PROBLEM
Leave out the pictures and reproduce all of the data exactly.

[[ INPUT DATA open ]]

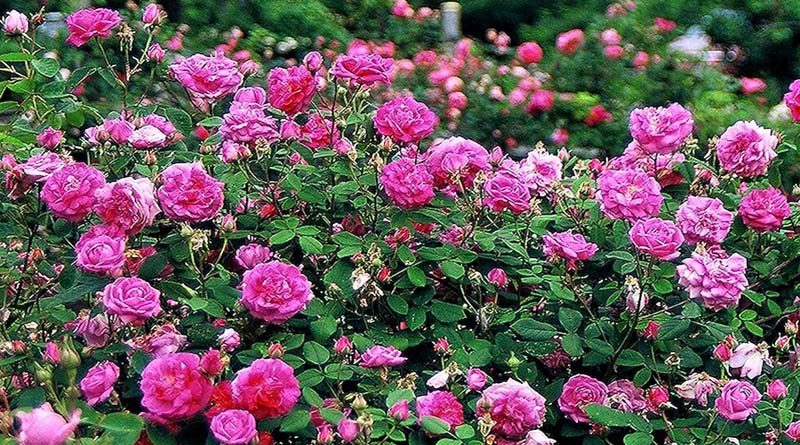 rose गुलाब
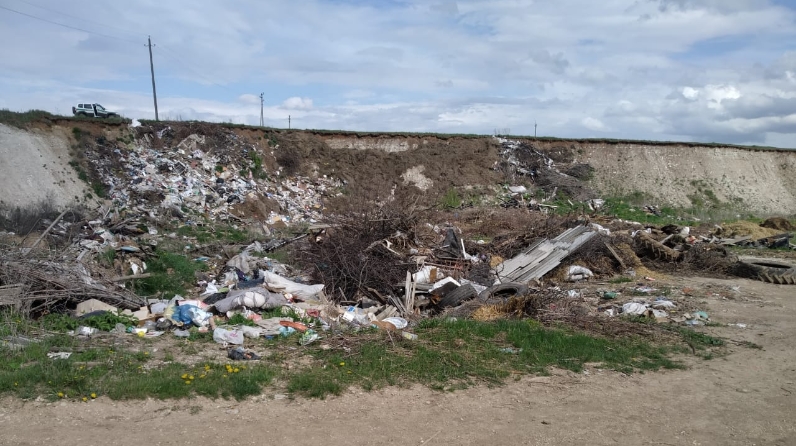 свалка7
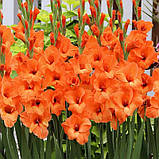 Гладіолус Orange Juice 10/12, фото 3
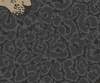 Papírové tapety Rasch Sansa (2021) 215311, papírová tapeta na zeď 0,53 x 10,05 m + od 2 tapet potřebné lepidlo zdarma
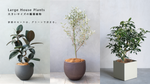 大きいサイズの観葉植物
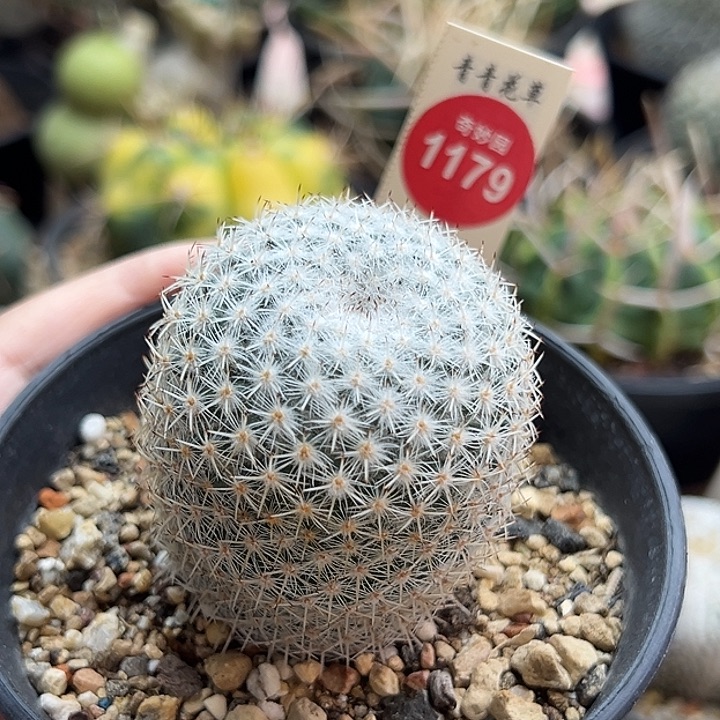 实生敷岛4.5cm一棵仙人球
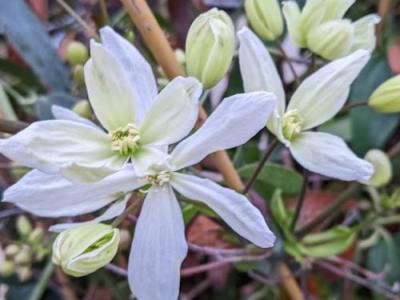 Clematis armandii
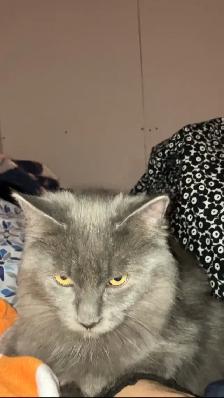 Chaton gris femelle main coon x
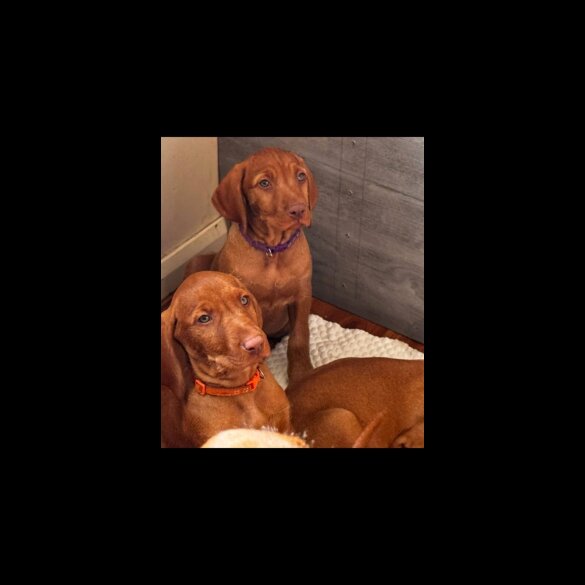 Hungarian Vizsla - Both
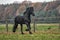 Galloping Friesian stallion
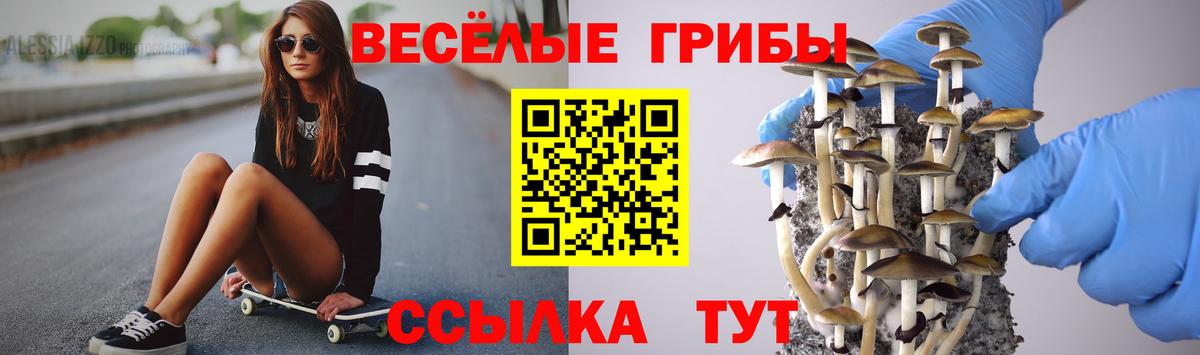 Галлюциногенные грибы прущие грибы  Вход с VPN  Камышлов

[[ INPUT DATA closed ]]

SOLVED PROBLEM
 rose गुलाब
 свалка7
 Гладіолус Orange Juice 10/12, фото 3
 Papírové tapety Rasch Sansa (2021) 215311, papírová tapeta na zeď 0,53 x 10,05 m + od 2 tapet potřebné lepidlo zdarma
 大きいサイズの観葉植物
 实生敷岛4.5cm一棵仙人球
 Clematis armandii
 Chaton gris femelle main coon x
 Hungarian Vizsla - Both
 Galloping Friesian stallion
 Галлюциногенные грибы прущие грибы  Вход с VPN  Камышлов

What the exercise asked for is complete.